Supplied material:
★ ★ ★ ★ ★

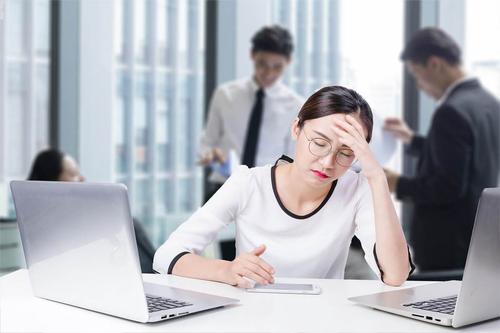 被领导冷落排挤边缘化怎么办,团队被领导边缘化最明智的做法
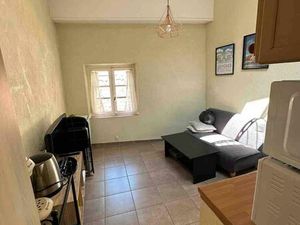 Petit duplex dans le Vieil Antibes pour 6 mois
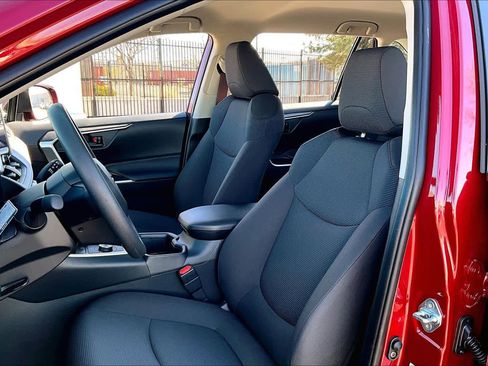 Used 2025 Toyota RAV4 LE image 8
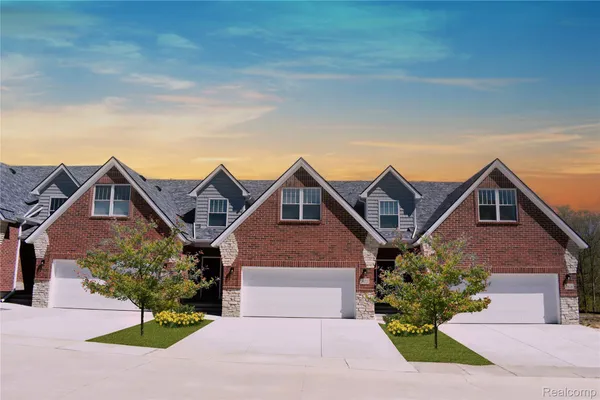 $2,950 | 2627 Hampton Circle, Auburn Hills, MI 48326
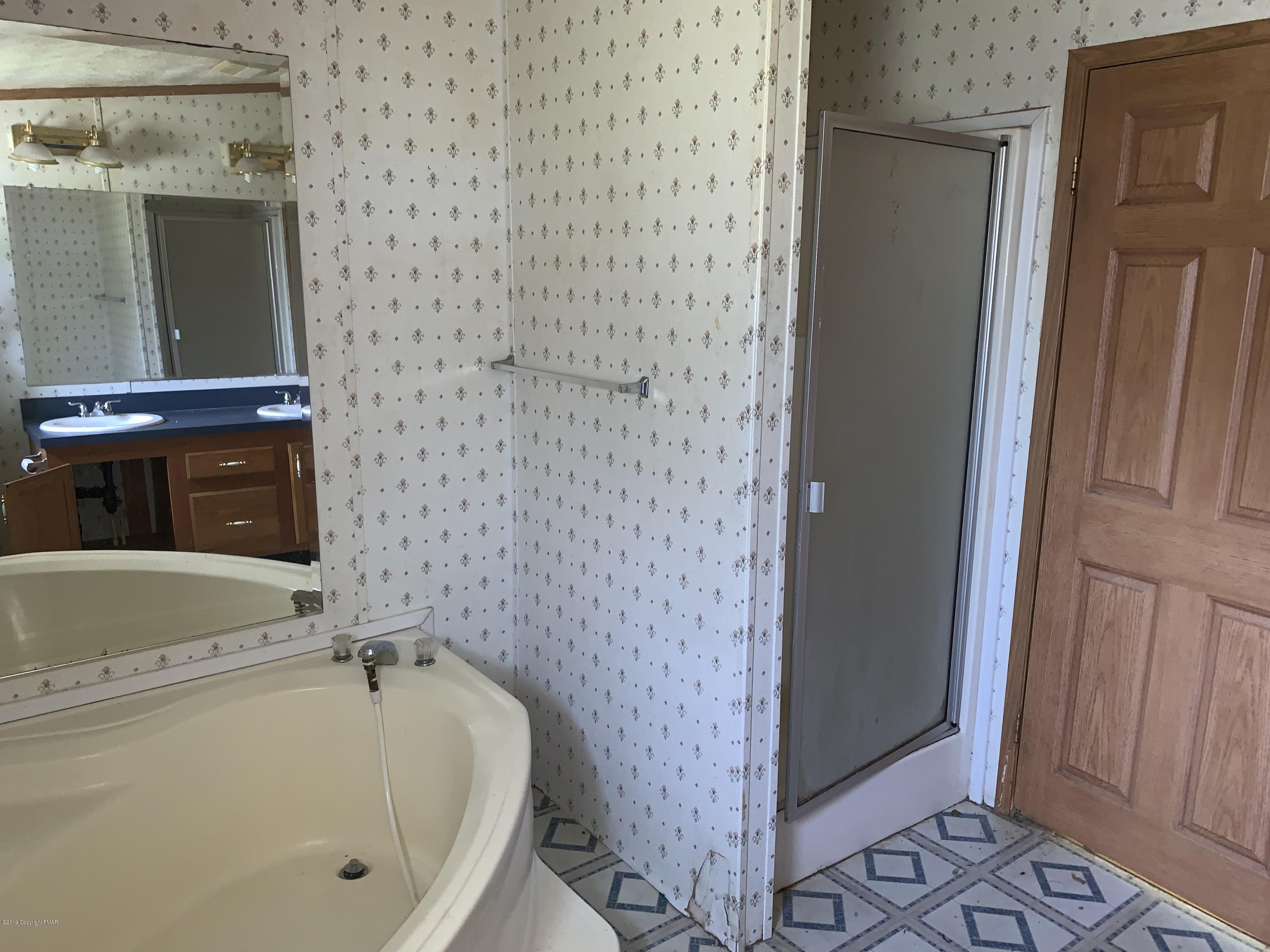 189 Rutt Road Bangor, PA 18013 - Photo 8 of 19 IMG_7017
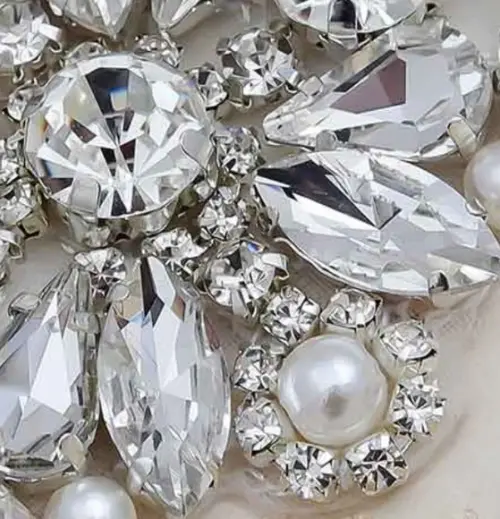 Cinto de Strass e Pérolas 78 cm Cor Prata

★ ★ ★ ★ ★

Work order: Pictures excluded, write out exactly and only the lines of the material from the one containing "Used 2025 Toyota RAV4 LE image 8" up to and including the last line.

Response for this exercise:
 Used 2025 Toyota RAV4 LE image 8
 $2,950 | 2627 Hampton Circle, Auburn Hills, MI 48326
 189 Rutt Road Bangor, PA 18013 - Photo 8 of 19 IMG_7017
 Cinto de Strass e Pérolas 78 cm Cor Prata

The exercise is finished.